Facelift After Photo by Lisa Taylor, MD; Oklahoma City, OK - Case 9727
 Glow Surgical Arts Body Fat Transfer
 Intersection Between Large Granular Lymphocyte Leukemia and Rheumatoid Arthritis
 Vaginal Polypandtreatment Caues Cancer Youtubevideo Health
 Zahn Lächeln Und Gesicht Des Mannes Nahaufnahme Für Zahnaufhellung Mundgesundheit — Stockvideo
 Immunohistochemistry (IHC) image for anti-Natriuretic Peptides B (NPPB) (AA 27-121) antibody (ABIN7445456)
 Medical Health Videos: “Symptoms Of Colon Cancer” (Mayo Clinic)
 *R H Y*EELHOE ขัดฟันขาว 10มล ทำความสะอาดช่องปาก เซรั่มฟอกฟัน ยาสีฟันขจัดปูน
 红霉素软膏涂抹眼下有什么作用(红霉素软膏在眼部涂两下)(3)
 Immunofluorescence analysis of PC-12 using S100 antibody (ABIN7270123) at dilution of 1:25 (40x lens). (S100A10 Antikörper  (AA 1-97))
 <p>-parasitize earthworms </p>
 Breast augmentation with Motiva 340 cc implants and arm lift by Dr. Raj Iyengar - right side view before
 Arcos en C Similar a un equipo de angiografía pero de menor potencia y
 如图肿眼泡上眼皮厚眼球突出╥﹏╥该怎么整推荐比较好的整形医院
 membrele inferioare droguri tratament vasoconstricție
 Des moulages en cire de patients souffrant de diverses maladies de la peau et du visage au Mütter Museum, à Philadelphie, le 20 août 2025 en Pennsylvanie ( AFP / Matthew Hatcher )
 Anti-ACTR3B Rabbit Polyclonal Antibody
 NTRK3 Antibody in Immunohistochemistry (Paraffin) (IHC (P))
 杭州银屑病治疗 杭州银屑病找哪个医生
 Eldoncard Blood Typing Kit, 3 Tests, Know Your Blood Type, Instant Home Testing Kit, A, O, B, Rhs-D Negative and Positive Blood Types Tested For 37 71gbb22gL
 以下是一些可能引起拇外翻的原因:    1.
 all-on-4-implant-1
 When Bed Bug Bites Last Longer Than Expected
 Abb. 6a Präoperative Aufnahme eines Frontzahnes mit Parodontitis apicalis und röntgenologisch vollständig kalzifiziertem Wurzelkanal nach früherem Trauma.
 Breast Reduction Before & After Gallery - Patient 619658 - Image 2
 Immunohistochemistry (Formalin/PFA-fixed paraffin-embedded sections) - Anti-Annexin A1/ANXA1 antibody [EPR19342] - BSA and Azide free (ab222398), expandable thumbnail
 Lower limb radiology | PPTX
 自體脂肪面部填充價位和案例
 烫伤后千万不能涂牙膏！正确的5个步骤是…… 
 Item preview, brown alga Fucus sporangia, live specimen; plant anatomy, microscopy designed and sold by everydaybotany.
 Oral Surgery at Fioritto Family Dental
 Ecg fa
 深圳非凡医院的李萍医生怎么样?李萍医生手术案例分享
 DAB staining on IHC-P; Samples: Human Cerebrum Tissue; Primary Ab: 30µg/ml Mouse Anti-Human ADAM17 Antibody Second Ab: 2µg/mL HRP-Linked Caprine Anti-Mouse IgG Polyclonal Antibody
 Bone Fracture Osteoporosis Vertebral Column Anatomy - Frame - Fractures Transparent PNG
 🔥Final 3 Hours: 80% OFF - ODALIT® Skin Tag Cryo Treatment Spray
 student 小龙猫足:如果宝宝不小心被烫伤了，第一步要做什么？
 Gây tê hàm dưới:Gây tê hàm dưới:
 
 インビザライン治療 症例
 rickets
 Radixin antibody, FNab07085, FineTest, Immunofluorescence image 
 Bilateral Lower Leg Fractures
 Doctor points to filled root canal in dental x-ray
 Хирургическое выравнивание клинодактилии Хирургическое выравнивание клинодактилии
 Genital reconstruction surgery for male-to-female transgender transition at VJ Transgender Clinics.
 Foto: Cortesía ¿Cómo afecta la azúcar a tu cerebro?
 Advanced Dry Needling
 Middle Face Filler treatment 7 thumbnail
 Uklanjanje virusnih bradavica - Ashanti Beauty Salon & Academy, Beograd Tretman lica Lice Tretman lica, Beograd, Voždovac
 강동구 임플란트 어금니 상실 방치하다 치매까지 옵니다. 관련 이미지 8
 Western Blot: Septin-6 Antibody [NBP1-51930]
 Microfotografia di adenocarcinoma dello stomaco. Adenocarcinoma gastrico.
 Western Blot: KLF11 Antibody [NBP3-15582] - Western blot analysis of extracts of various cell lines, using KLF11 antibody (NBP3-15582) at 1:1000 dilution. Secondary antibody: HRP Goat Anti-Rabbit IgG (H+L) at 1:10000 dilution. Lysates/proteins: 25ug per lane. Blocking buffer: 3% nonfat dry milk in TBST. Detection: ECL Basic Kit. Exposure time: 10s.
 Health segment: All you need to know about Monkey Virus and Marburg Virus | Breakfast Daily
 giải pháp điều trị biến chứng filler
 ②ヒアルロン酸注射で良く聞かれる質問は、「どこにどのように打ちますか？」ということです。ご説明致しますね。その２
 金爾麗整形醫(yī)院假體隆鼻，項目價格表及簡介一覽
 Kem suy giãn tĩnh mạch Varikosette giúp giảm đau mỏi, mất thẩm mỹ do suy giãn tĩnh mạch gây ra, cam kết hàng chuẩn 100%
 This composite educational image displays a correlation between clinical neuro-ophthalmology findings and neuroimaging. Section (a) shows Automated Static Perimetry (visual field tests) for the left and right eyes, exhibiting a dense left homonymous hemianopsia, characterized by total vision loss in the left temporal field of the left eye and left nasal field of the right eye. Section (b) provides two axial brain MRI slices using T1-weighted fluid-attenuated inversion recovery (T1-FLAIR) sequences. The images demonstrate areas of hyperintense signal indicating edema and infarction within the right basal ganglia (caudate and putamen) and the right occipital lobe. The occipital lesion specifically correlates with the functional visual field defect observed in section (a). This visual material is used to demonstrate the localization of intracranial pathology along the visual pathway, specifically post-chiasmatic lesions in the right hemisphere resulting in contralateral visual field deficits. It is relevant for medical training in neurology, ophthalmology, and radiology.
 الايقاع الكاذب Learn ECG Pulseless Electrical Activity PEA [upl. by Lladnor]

---+---

» **Prompt**: From the records above, extract exactly and only the lines that begin at the line with "杭州银屑病治疗 杭州银屑病找哪个医生" and stop after the line with "Middle Face Filler treatment 7 thumbnail".

» **Task response**:
 杭州银屑病治疗 杭州银屑病找哪个医生
 Eldoncard Blood Typing Kit, 3 Tests, Know Your Blood Type, Instant Home Testing Kit, A, O, B, Rhs-D Negative and Positive Blood Types Tested For 37 71gbb22gL
 以下是一些可能引起拇外翻的原因:    1.
 all-on-4-implant-1
 When Bed Bug Bites Last Longer Than Expected
 Abb. 6a Präoperative Aufnahme eines Frontzahnes mit Parodontitis apicalis und röntgenologisch vollständig kalzifiziertem Wurzelkanal nach früherem Trauma.
 Breast Reduction Before & After Gallery - Patient 619658 - Image 2
 Immunohistochemistry (Formalin/PFA-fixed paraffin-embedded sections) - Anti-Annexin A1/ANXA1 antibody [EPR19342] - BSA and Azide free (ab222398), expandable thumbnail
 Lower limb radiology | PPTX
 自體脂肪面部填充價位和案例
 烫伤后千万不能涂牙膏！正确的5个步骤是…… 
 Item preview, brown alga Fucus sporangia, live specimen; plant anatomy, microscopy designed and sold by everydaybotany.
 Oral Surgery at Fioritto Family Dental
 Ecg fa
 深圳非凡医院的李萍医生怎么样?李萍医生手术案例分享
 DAB staining on IHC-P; Samples: Human Cerebrum Tissue; Primary Ab: 30µg/ml Mouse Anti-Human ADAM17 Antibody Second Ab: 2µg/mL HRP-Linked Caprine Anti-Mouse IgG Polyclonal Antibody
 Bone Fracture Osteoporosis Vertebral Column Anatomy - Frame - Fractures Transparent PNG
 🔥Final 3 Hours: 80% OFF - ODALIT® Skin Tag Cryo Treatment Spray
 student 小龙猫足:如果宝宝不小心被烫伤了，第一步要做什么？
 Gây tê hàm dưới:Gây tê hàm dưới:
 
 インビザライン治療 症例
 rickets
 Radixin antibody, FNab07085, FineTest, Immunofluorescence image 
 Bilateral Lower Leg Fractures
 Doctor points to filled root canal in dental x-ray
 Хирургическое выравнивание клинодактилии Хирургическое выравнивание клинодактилии
 Genital reconstruction surgery for male-to-female transgender transition at VJ Transgender Clinics.
 Foto: Cortesía ¿Cómo afecta la azúcar a tu cerebro?
 Advanced Dry Needling
 Middle Face Filler treatment 7 thumbnail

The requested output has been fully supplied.